=== TASK REQUIREMENTS ===
Give back the full listing as written. No pictures go with it.

=== DATA BELOW ===
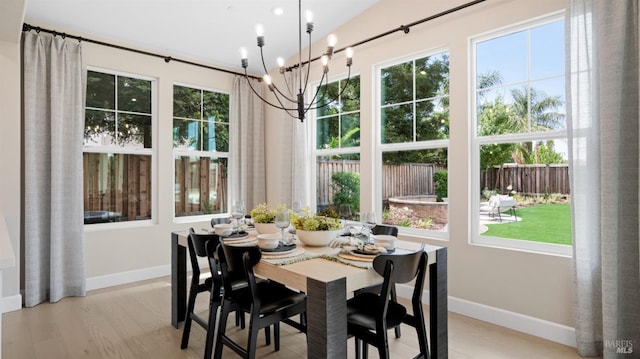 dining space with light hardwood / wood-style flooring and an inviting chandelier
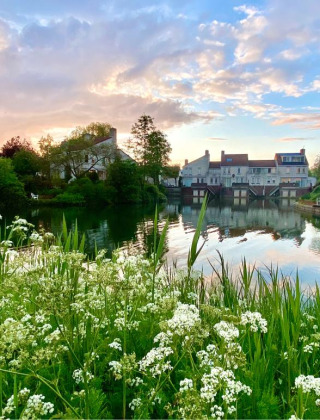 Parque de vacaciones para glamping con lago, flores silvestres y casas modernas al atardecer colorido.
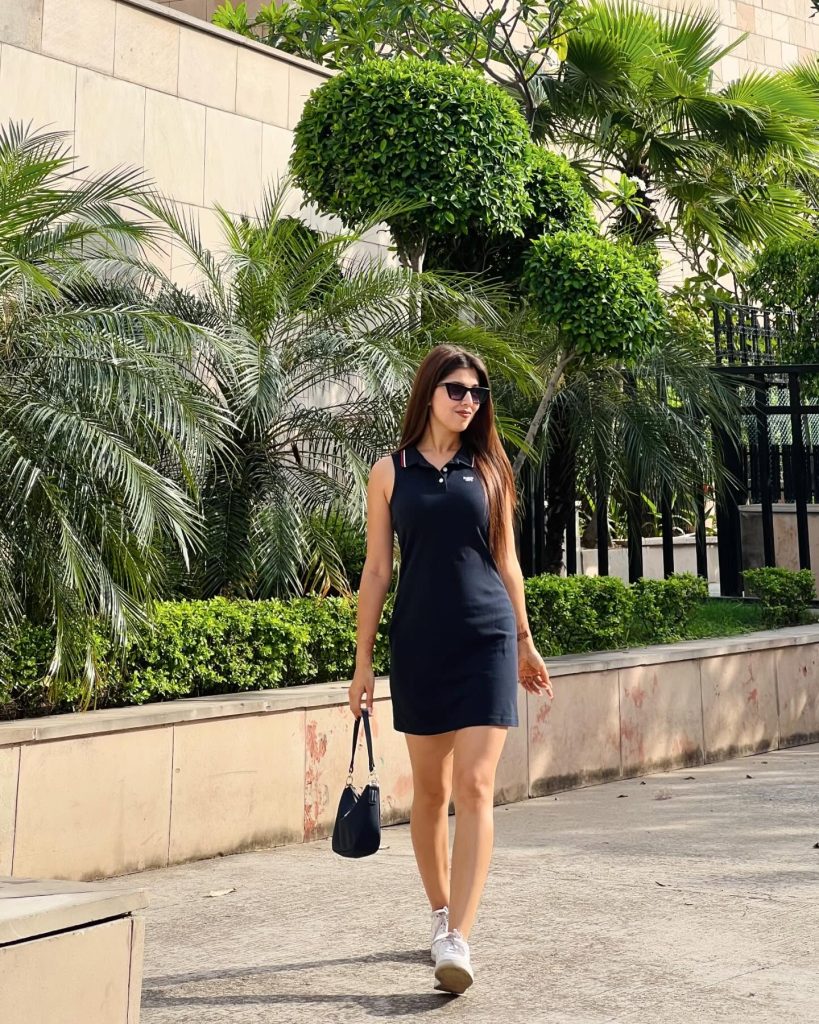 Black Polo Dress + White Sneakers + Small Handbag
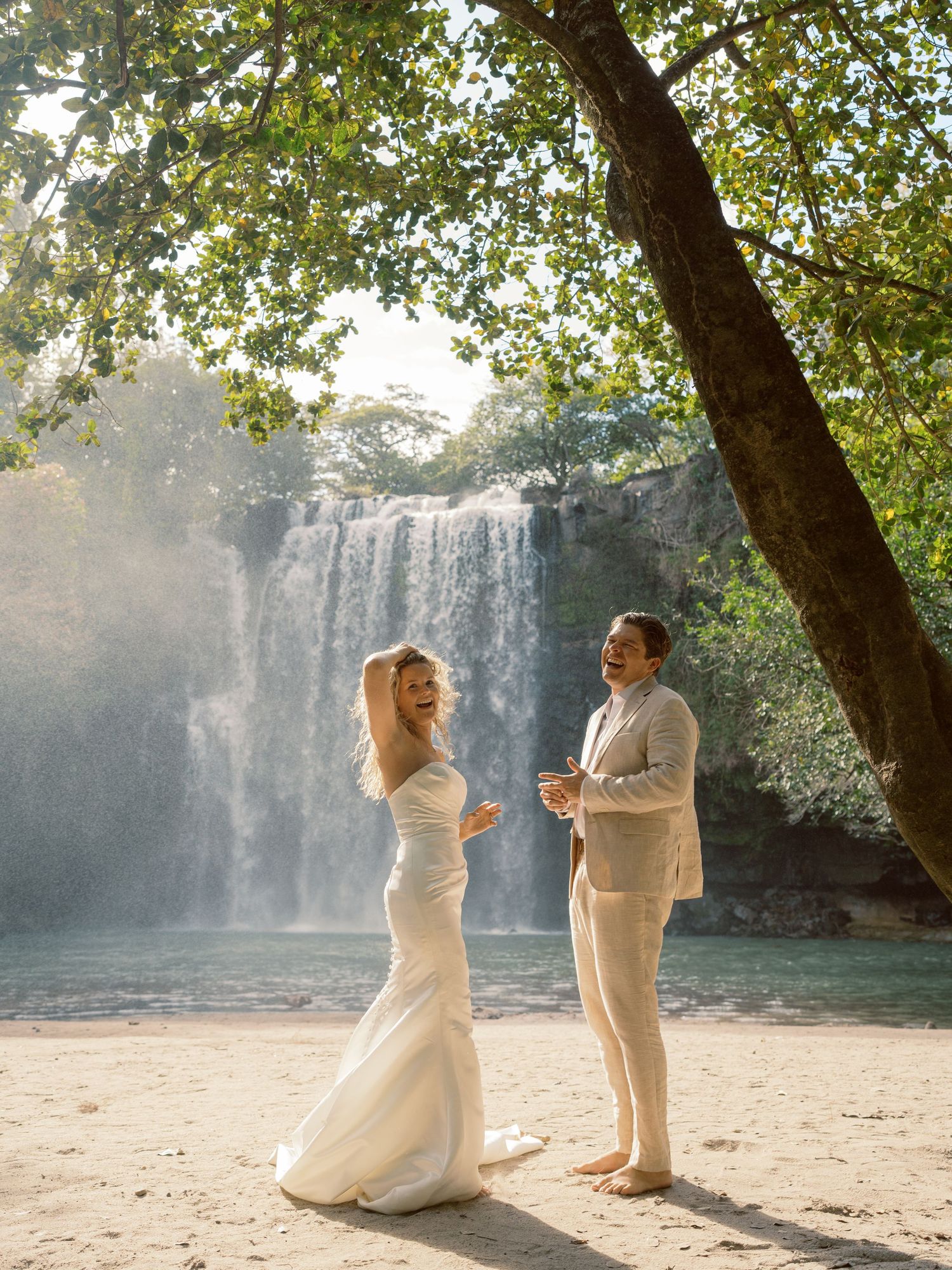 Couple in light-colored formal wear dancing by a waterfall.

=== RESPONSE TO THIS TASK ===
 dining space with light hardwood / wood-style flooring and an inviting chandelier
 Parque de vacaciones para glamping con lago, flores silvestres y casas modernas al atardecer colorido.
 Black Polo Dress + White Sneakers + Small Handbag
 Couple in light-colored formal wear dancing by a waterfall.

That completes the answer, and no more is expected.